Peak 6 expansion: 1 lift, 450 acres
Forest Service begins public process with scoping, meetings

By BOB BERWYN
Summit Daily News

December 28, 2007

SUMMIT COUNTY — Plans for a new lift and 450 acres of terrain on Peak 6 at Breckenridge are formally on the table.

The U.S. Forest Service announced this week it will take public comments on the proposal through Jan. 21 as part of an initial scoping phase.

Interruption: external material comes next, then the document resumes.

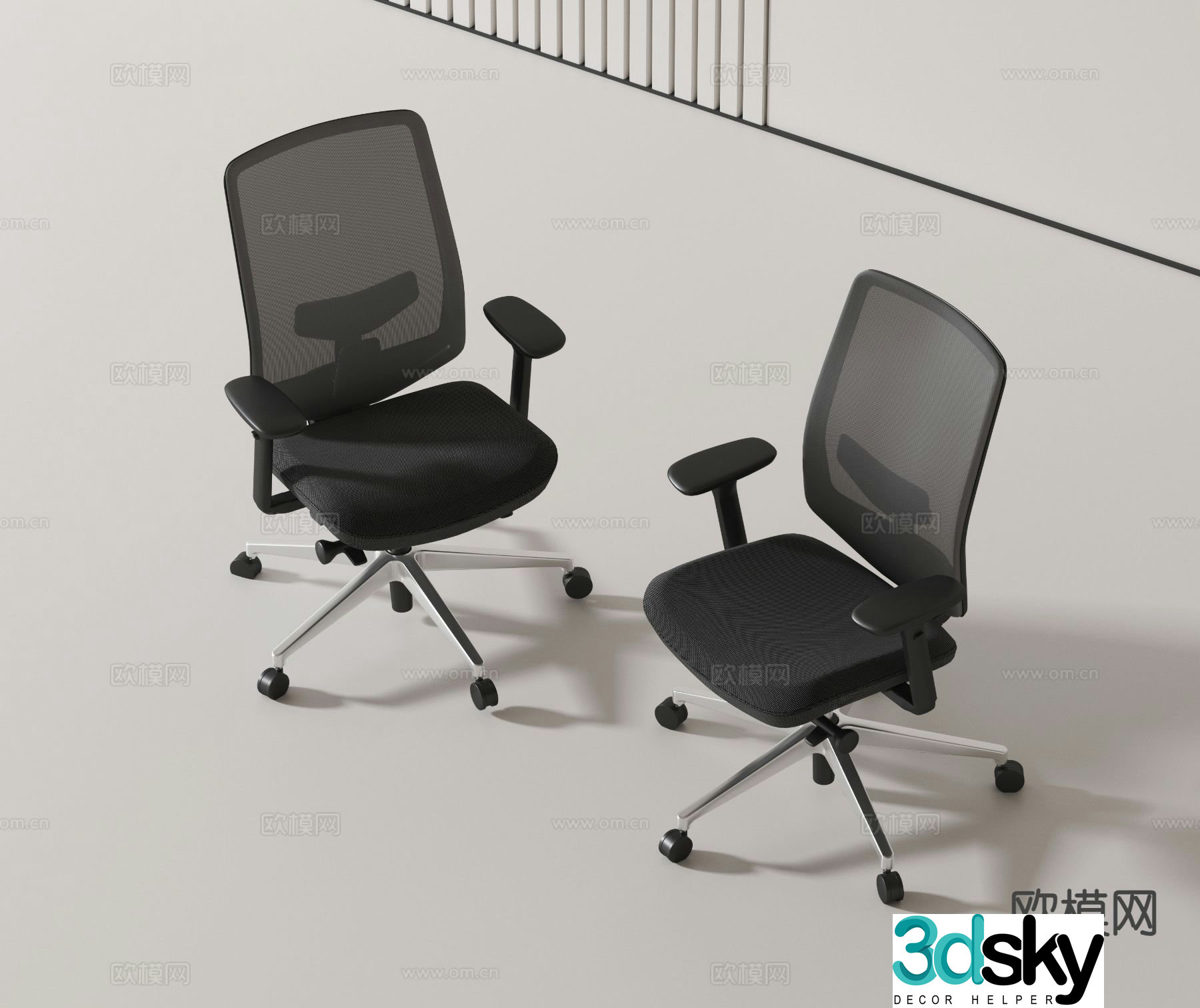 Modern mesh office chair staff chair 3d model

The comments will help the agency focus public concerns about the plan, in part determining the direction of the subsequent Environmental Impact Statement (EIS).

The proposal includes the development of new terrain and associated infrastructure at Peak 6. The project encompasses 450 acres of traditional downhill and hike-to skiing accessed by a single lift.

About six trails totaling 67 acres would be clear-cut below timberline. An additional 285 acres including intermediate, advanced-intermediate and expert skiing terrain would be above timberline and lift-served.

Breckenridge Ski Resort also proposes to construct a top terminal ski patrol and warming hut and a bottom terminal food and beverage facility.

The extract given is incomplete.